[2015.11.20] Decyzje zamiast pochodów
Dodane przez Administrator dnia 20/11/2015 19:40:00
Czy zamachy w Paryżu nauczą czegoś leniwą Europę? Czy europejscy przywódcy nadal będą błaznować na „pochodach solidarności”, jak dziesięć miesięcy temu po zamachu terrorystów na redakcję satyrycznego tygodnika (inna rzecz, że obrzydliwego, bo to takie francuskie „Nie”)? Czy udział w ulicznym pochodzie, po którym zadowoleni z siebie politycy udają się na wystawny bankiet, będzie znów jedyną reakcją na zagrożenie, które dotyczy nie otoczonych ochroniarzami osobistości, ale zwykłych obywateli? Obowiązkiem przywódców Europy jest podejmowanie decyzji, które uwolnią nas od groźby kolejnych zamachów, a nie pozowanie do kamer i cyniczna gra o wyborcze głosy.
Służby specjalne i wywiadowcze okazały się bezradne wobec spisku grupki fanatyków. Wśród zamachowców było co najmniej dwóch „uchodźców”, którzy przez Grecję dotarli do Europy. Różnymi drogami, głównie przez Turcję, Grecję i Włochy, w tym roku na nasz kontynent przedostał się ponad milion przybyszów z Syrii, Iraku, Afganistanu, Libii, Somali. Ilu wśród nich planuje terrorystyczne zamachy? Służby graniczne mogą sprawdzić parę tysięcy, może nawet kilkanaście tysięcy. Nikt nawet nie udaje, że możliwe jest sprawdzenie miliona ludzi, często bez dokumentów, często podających fałszywe dane i zmyślone powody wędrówki. Czy jest więc możliwa jakakolwiek obrona przed zagrożeniem?
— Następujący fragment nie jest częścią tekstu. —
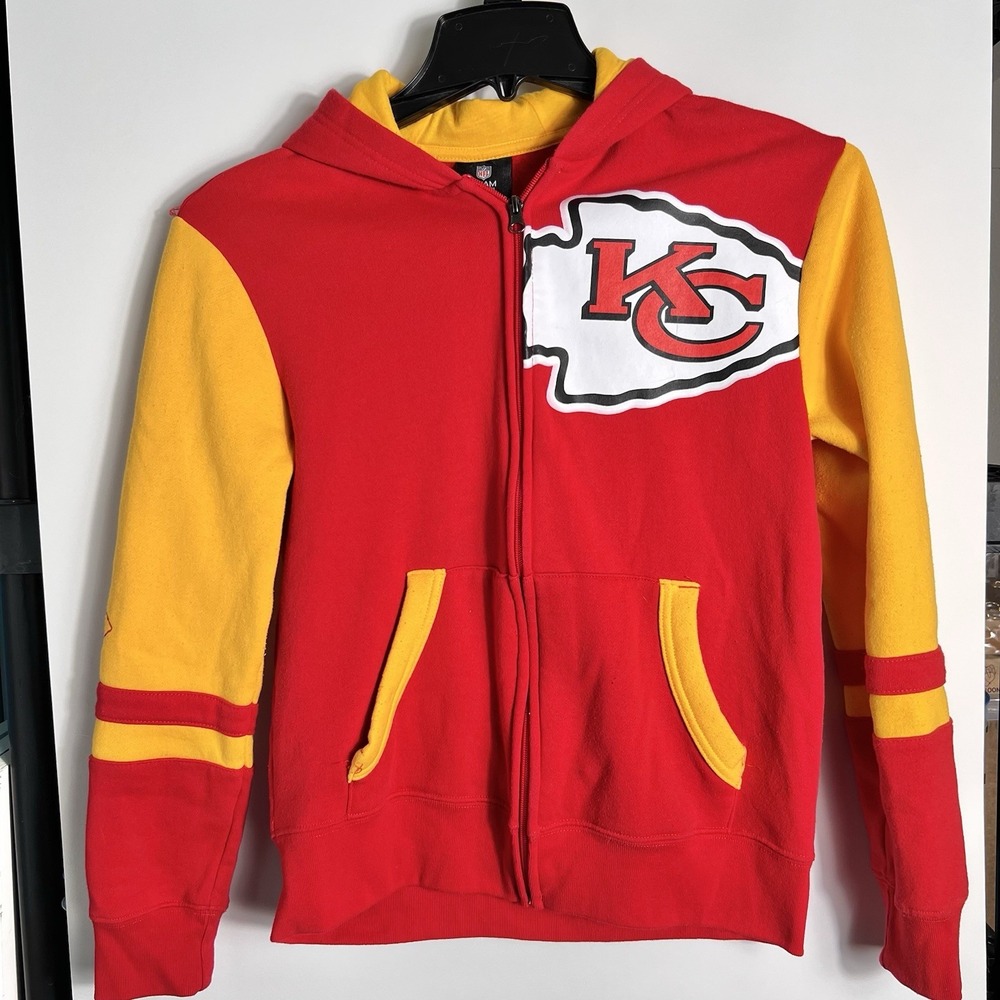 NFL Team Apparel Kansas City Chiefs Youth‎ Zip Hoodie Large 14/16 Red Yellow VGC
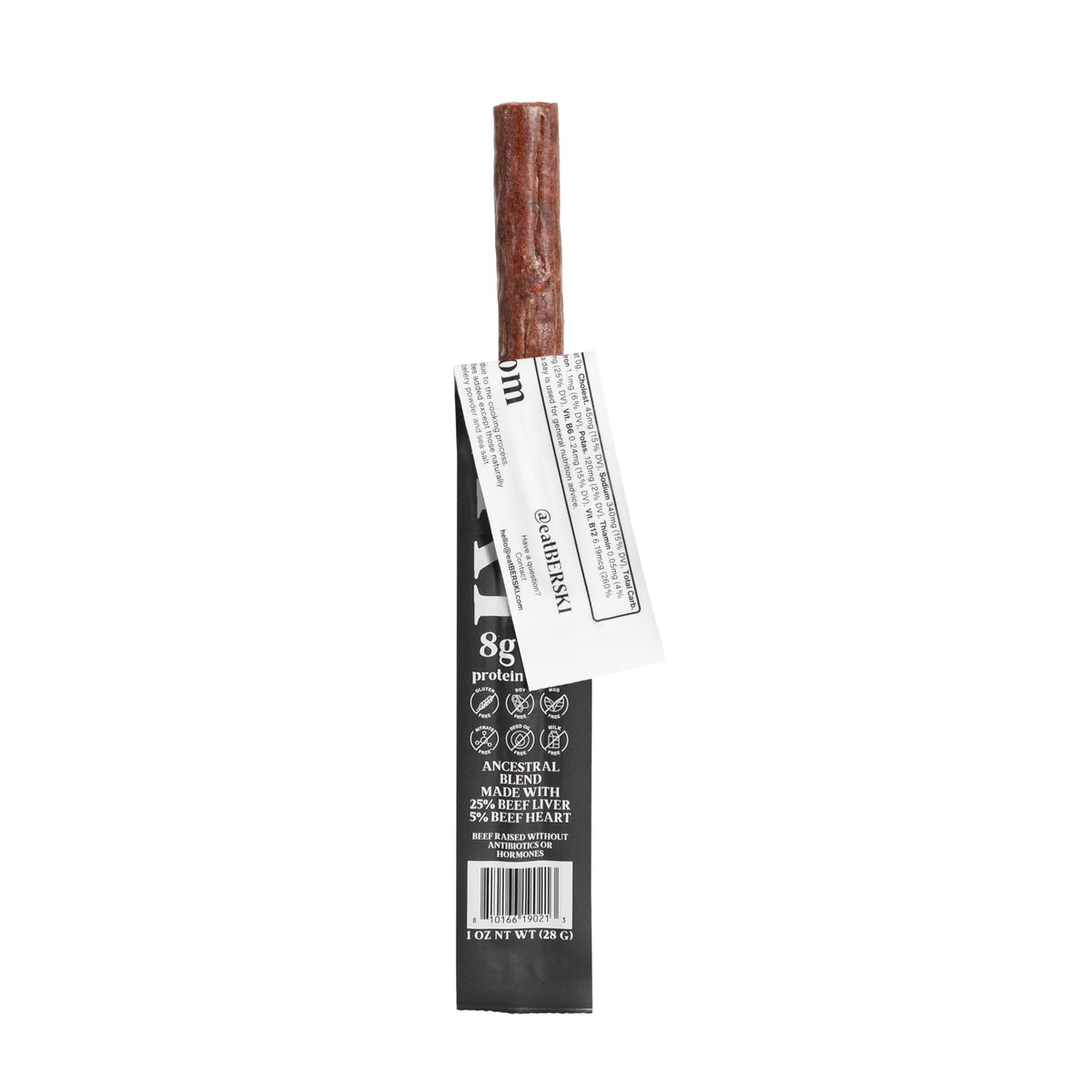 BERSKI Salt & Pepper Beef Sticks regenerative farming origin highlighting sustainable sourcing.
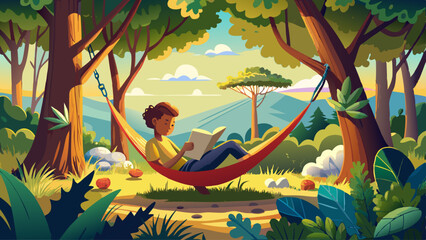 A person reading a book in a hammock under leafy trees on a sunny afternoon radiates relaxation, digital detox, personal freedom, and the joy of slow weekends spent in nature’s embrace.

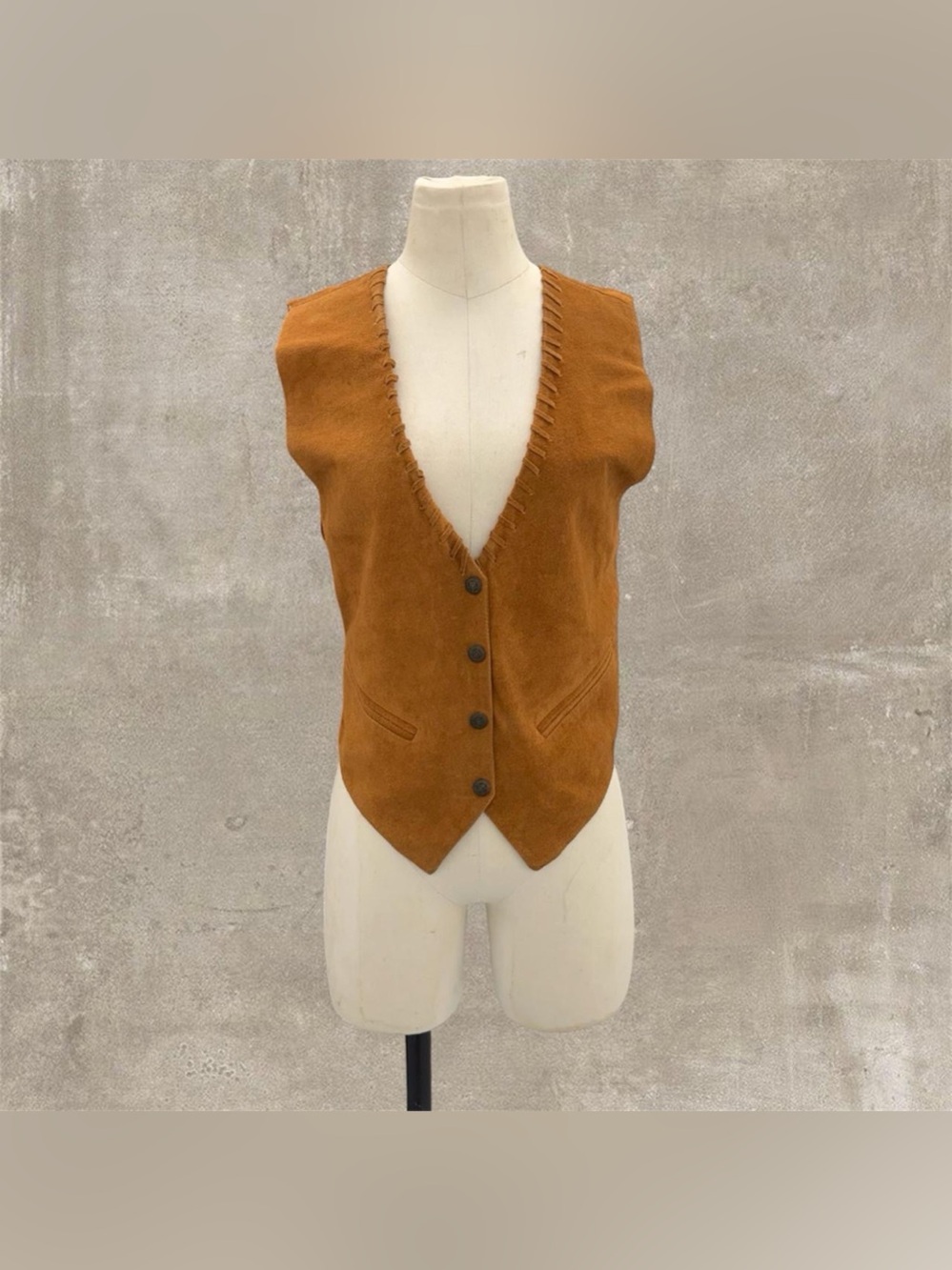 Mona Mode Leather Button Front Vest in Brown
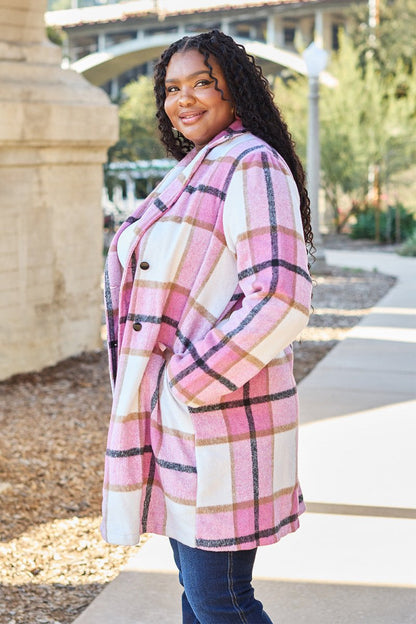 Double Take Full Size Plaid Button Up Lapel Collar Coat | Coats | 6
Państwo islamskie podbiło już obszar o wiele większy od Polski. Dysponuje ogromnymi funduszami, z których drobna część, przerzucona do Europy, wystarczy na zakup broni i wyposażenie tysięcy zamachowców. W europejskich meczetach, klubach, w Internecie werbuje się zwolenników walki z europejską cywilizacją. Werbuje się ich także w przepełnionych więzieniach, gdzie ogromną większość osadzonych stanowią przybysze z Azji i Afryki. Nie ma żadnych szans, aby służby specjalne, nawet wielokrotnie powiększone, mogły sobie poradzić z tym problemem.
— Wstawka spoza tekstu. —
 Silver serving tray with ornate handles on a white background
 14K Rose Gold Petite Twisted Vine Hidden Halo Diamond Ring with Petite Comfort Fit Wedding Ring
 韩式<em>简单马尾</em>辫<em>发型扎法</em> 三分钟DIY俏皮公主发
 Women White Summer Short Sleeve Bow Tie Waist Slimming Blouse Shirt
Zachód jest przytłoczony groźbą kryzysu ekonomicznego, politycy myślą tylko o pozyskaniu wyborców i przedłużeniu swojej władzy o kolejną kadencję. Zwycięża strategia: jakoś to będzie. Jest to strategia samobójstwa. Nie ma innej metody walki z terroryzmem jak zniszczenie jego źródeł. Obrona przez państwem islamskim nie ma sensu, bo nikt nie jest w stanie inwigilować i kontrolować milionów muzułmanów, którzy są już w Europie. Państwo islamskie trzeba zaatakować i zniszczyć, a fanatyków, gotowych zabijać niewinnych ludzi, pozbawić finansowego i logistycznego zaplecza. Naloty na opanowane przez islamistów tereny nie przyniosą żadnego efektu. Trzeba zdobyć te tereny i okupować tak długo, aż powstanie tam lokalna władza, pokojowo nastawiona do zewnętrznego świata. Nie uda się tego zrobić zrzucając bomby i rakiety z samolotów. Trzeba wysłać wojsko, a potem siły policyjne. Innego sposobu nie ma.
Wiedzą o tym Amerykanie, którzy skutecznie interweniowali w Afganistanie i Iraku. Pod presją pacyfistycznej opinii publicznej popełnili jednak błąd: wycofali się za wcześnie. Dzisiaj Europa jest coraz mniej zdolna do udziału w wojskowej interwencji. Czy wobec tego będzie patrzeć bezradnie, jak Stary Kontynent zamienia się w islamską kolonię? Za wolność zawsze płaci się krwią. Czy Europa jest zdolna zapłacić tę cenę i obronić swoją wolność?